Investors Still Confident In Uber Despite Its Problems

A photo of someone using the Uber app.

Photo credit: Mr.Whiskey / Shutterstock

It’s no big news that Uber has had a rough 2017. From harassment scandals to activist investors to regulatory troubles, the ridesharing company has had a lot of challenges in the past year. But despite all of that, investors remain confident that the $70 billion company is poised for growth.

“We’ve seen it over years and years, and I think [former CEO Travis Kalanick] has learned some very challenging lessons,” said William Ford of General Atlantic, one of the firms that has invested in Uber. “But the good news is he is learning. I think he’s taken good counsel from his board and some of his investors, and he’s got our confidence.”

But the company’s challenges aren’t over yet. The transport regulator in London recently refused Uber’s license renewal bid, a decision the company says it plans to appeal.

Regulatory agency Transport for London cited Uber’s approach to reporting serious criminal offenses and failing to do background checks on drivers as reasons why the company’s license renewal bid was rejected.

The GMB, Britain’s general trade union, and the London Taxi Drivers’ Association may participate in the case, too, if Westminster Magistrates’ Court Chief Magistrate Emma Arbuthnot agrees to allow it.

A hearing on the case is scheduled for April of 2018, but that may be pushed back due to scheduling issues. Meanwhile, Uber’s 40,000 London drivers will be able to continue taking passengers until the appeals process is exhausted—a process that could take years.

In an attempt to get its licensing back on track, new Uber CEO Dara Khosrowshahi apologized to Londoners and met with Transport for London Commissioner Mike Brown for talks.

On December 10, an Uber spokesman said, “We continue having constructive discussions with Transport for London in order to resolve this. As our new CEO, Dara Khosrowshahi, has said, we are determined to make things right.”

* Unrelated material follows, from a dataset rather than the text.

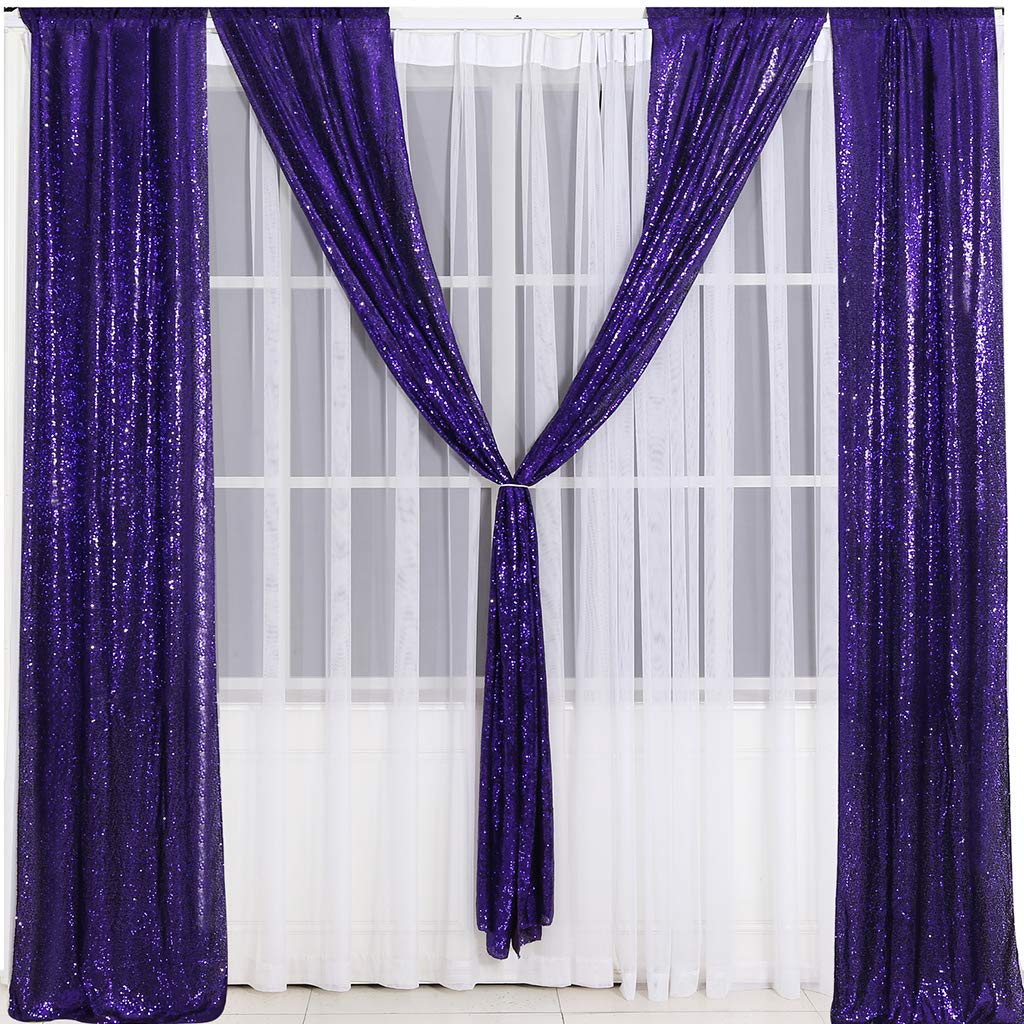 Eternal Beauty Halloween Backdrop Sequin Backdrop Curtains For Wedding Party Decor,Christmas Backdrop Curtain (2 Pack, W3Ft X H7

Regardless of the troubles in London and the issues simmering in the company itself, investors are still feeling that the company has something to offer.

In addition to General Atlantic, Uber has attracted investments from the likes of Goldman Sachs, Dragoneer Investments, Chinese ridesharing service Didi Chuxing, and Saudi Arabia’s Public Investment Fund. Why? Because the company’s troubles will pass, and they’re banking on the fact that Uber remains a worthy investment.

Many investors believe that after the drama and shakeups of 2017, the company is poised for growth. It’s certainly been growing this year, with Q2 results showing revenue of $1.75 billion, as compared to Q2 2016, when the company’s revenue was a mere $800 million. Not only that, but global trips are up 150 percent from Q2 2016.

Uber has also received sign-off from the SEC to change the description of its business model to one in which the company is merely an “agent” and its customers are the drivers, not the passengers. This would mean Uber could report financial results without disclosing how much drivers are being paid, thus allowing it to report only the net transaction revenue that goes to Uber, leaving out the driver’s compensation. This change hints that an IPO may not be far off.

With numbers like that and the strong potential for an IPO in the near future, it’s no surprise that investors remain confident in the ridesharing company.